もともと他の疾患で3か月毎に血液検査をしている私。
以前、貧血を指摘された際には、フェロミア(クエン酸第一鉄ナトリウム製剤、または同成分の後発薬)を、医師の指示のもと1日2錠、半年ほど服用しました。
その後、検査値はいったん改善したものの、さらに半年ほど経過した2026年8月の採血で再びフェリチン値が低下。
このときはヘモグロビン値からみると「貧血」ではありませんでしたが、体内に蓄えられている鉄の状態を反映するフェリチン値が低下していました。
いわゆる「隠れ貧血」と呼ばれることもある、貧血に至る前の鉄欠乏の状態です。
そのため現在は、医師と相談しながら鉄剤を1日1錠に調整して服用しています。
自分自身の経験からも、「ヘモグロビン値が基準内=鉄不足ではない」とは限らないことを実感しました。
採血は痛いし嫌なのですが、こうやって隠れ貧血を見つけられたことは、良かったなと実感しています。
もちろん、鉄剤の必要量や服用期間は人によって異なります。鉄の過剰摂取にも注意が必要なため、自己判断で鉄剤を服用するのではなく、血液検査の結果をもとに医師と相談することが大切です。
まとめ|熟年世代こそ貧血をチェックして「鉄活」を
今回は、2026年8月20日放送のNHK『あしたが変わるトリセツショー』で紹介された「熟年貧血のトリセツ」についてまとめました。
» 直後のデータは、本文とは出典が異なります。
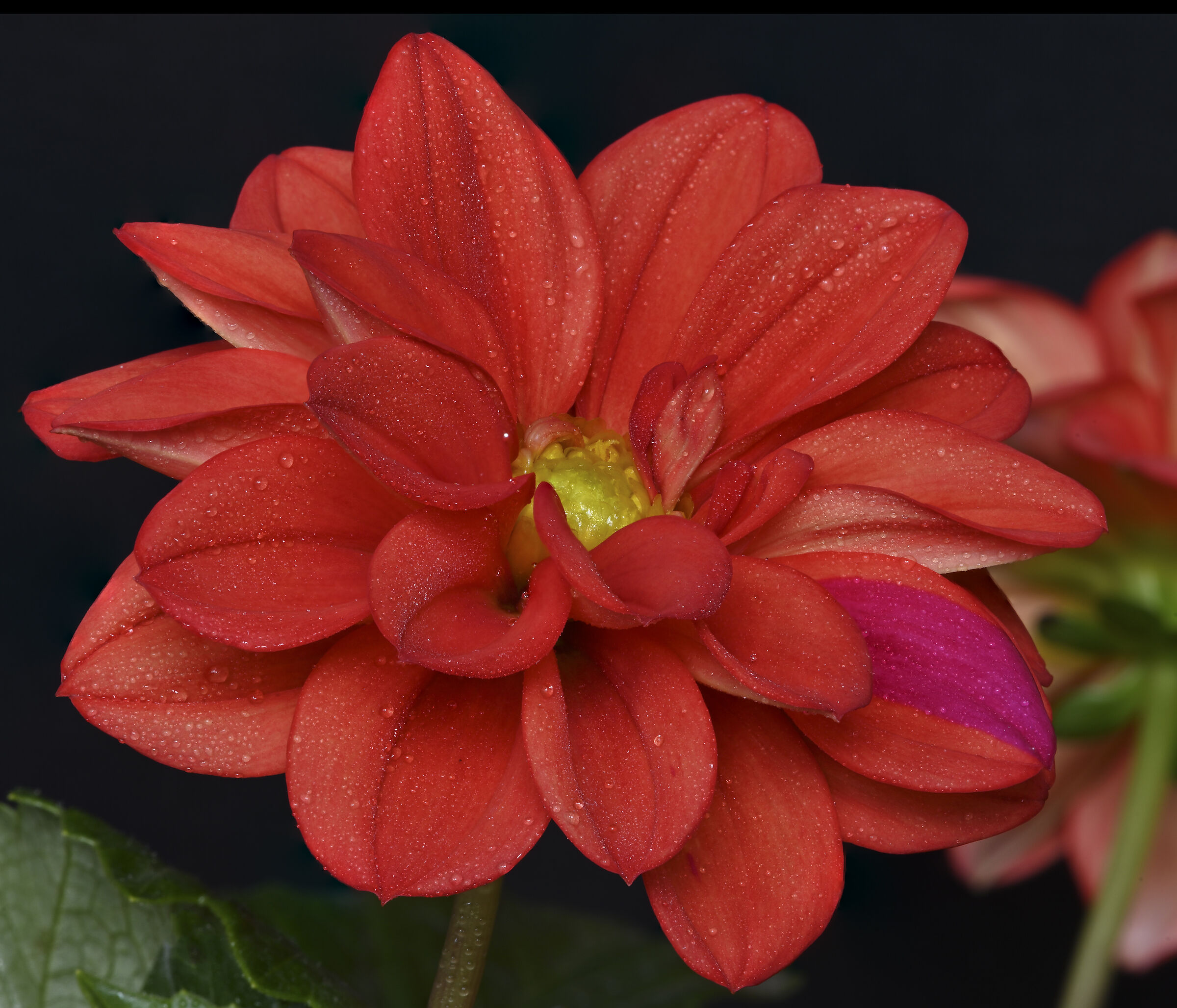 Primavera a colori accesi sotto la pioggia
貧血は若い女性だけの問題ではなく、50~60代以降でも増えていきます。
特に熟年世代では、
「疲れるのは年齢のせい」
「息切れするのは運動不足だから」
と決めつけず、まずは健康診断のヘモグロビン値を確認することが大切です。
また、貧血の背景には鉄不足だけでなく、胃潰瘍や大腸がんなどによる隠れ出血が潜んでいる可能性もあります。
貧血を指摘された場合は食事だけで自己判断せず、必要に応じて医療機関で原因を確認することも大切ですね。
そのうえで毎日の食生活では、「鉄活カードQ」を活用しながら、鉄分の多い食材とビタミンCを含む食材を上手に組み合わせることが、無理なく続けられる「鉄活」につながりそうです。